Nul mieux que le cinéma ne renseigne sur nos manières de voir qui se développent et se transforment sous nos yeux. Regarder sa main, détourner d’elle son regard, attraper l’œil, percer les yeux, enfin toucher pour voir, sont des gestes que le cinéma réinvente, des imaginaires tactiles qu’il ouvre à notre raison. Or, l’analyse de ces gestes permet de repérer des périodes de mutation pour la vision, accompagnée de ses inventions instrumentales : le XXIe siècle contemporain, le XIXe siècle positiviste, la Renaissance, enfin la Préhistoire que les films revisitent, du classicisme hollywoodien à l’extrême contemporain, en passant par l’essai documentaire et le film expérimental.
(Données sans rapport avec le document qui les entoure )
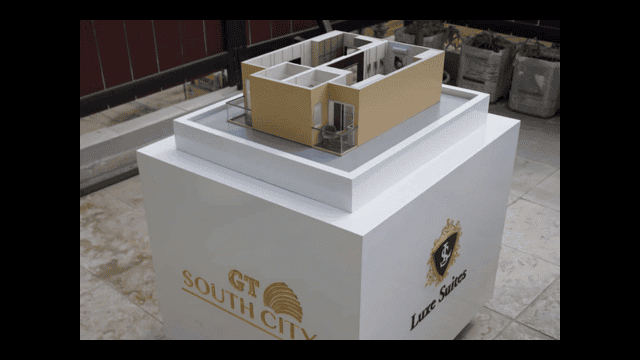 A modern architectural model of the 48 GT South City Luxe Suites development.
L’œil détourné désigne dans ce livre cette histoire oblique du cinéma, que suppose la mise à distance de l’acte de voir.
Nouée à l’œil par le montage, la main déjoue les cadres figés de nos façons de regarder et redessine d’un film à l’autre les contours de notre humanité : métamorphosée par l’animal, hantée par les machines, abîmée par le travail.
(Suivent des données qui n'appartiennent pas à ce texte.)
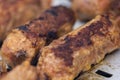 Traditional Romanian food called "mici" which consist of pork meat rolls Royalty Free Stock Photo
Emmanuelle André est professeur à l’université Paris 7-Diderot.Elle a publié des ouvrages qui relient l’esthétique du cinéma, l’histoire de l’art et l’anthropologie des images, notamment Esthétique du motif. Cinéma, musique, peinture (2007) et Le Choc du sujet. De l’hystérie au cinéma (2011). Elle écrit par ailleurs dans les revues Trafic, Art Press, Screen, Vertigo, CinémaS. Le motif de l’œil (détourné, relayé, distrait) hante ses travaux.